LAPG sees no benefit to the taxpayer, the LSC, to clients or to firms in changing the current system of standard fees in the Magistrates Court. The current system has controlled costs to the satisfaction of the LSC and is understood by firms. We are glad that Lord Carter has moved away from recommending an immediate move to a different system of fixed fees. We accept the rolling up of travelling costs, but would urge that the fee is recalculated where Courts are closed, requiring solicitors to travel further. However, waiting time is driven by the inefficiencies of Courts, prosecutors and police and is not within the control of firms.
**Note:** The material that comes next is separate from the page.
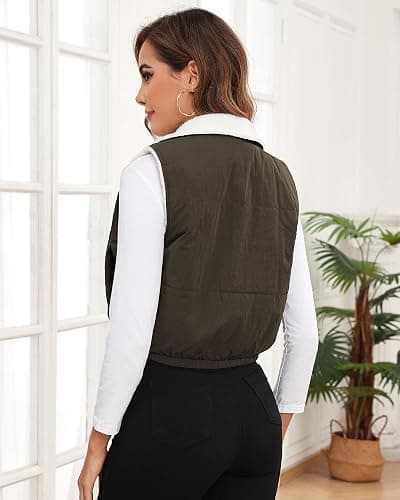 ZAFUL Women's 2024 Fleece Cropped Vest Sleeveless Zip Up Reversible Lightweight Jacket Sherpa Winter Puffer Coat Outerwear thumbnail 5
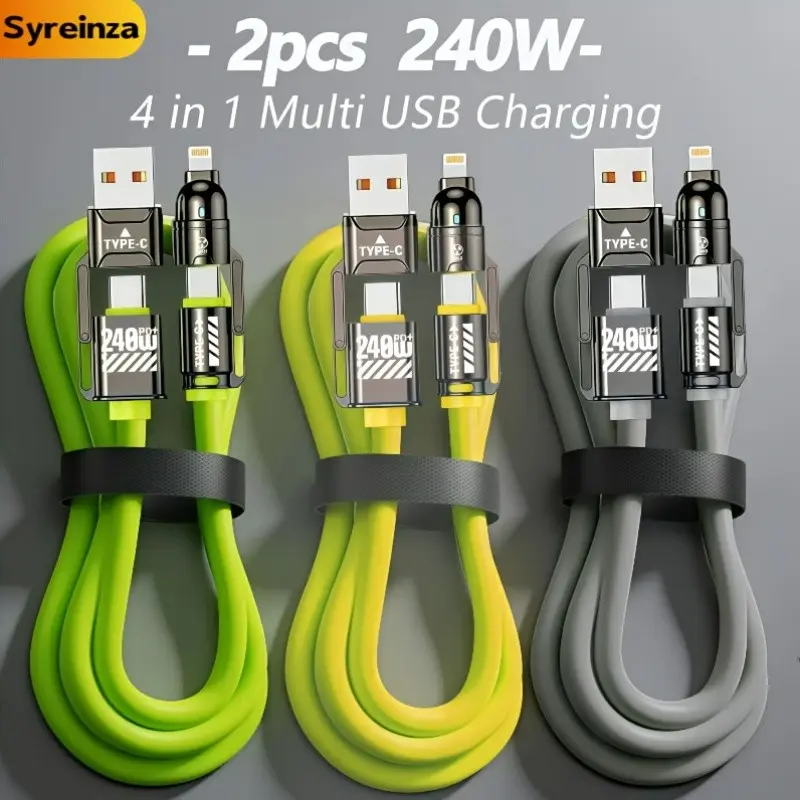 2pcs 240w Fast Charging Cable Set, 4-In-1 Multi-Port Charger for iPhone, Samsung, Lg, Google Pixel, Xiaomi, Tablets, Ultra-Fast Charging, Fast USB Charging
Therefore removing payments for waiting only serves to penalise firms for the inefficiency of others under the control of the Home Office.
LAPG believes that there is merit in exploring a graduated fee scheme for Crown Court work. However, there is a major difference between a scheme covering a few hours work over a few days, and one covering many weeks of work over a few months. The scope for variation in the litigation aspect, as opposed to the advocacy element, is huge. We will need to consider the proposals very carefully to see whether the proposed triggers for uplifts are adequate to make the system fair and workable. The idea that the scheme could be ready to be introduced by April 2007 appears unrealistic.
The proposals for very high cost cases depend on a degree of forecasting of demand and supply that is in our view impossible. Demand for these services depends on decisions made by the Serious Fraud Office (and in future the Serious and Organised Crime Agency). This is not something over which the LSC has the remotest degree of control. Other aspects of the proposal merit further consideration.
Lord Carter's proposals for civil and family work show a welcome recognition that there are limits to the circumstances in which fixed fees are workable. While we may well have concerns about the detail of these proposals, they do not give rise to the same objections on principle that the criminal provisions do.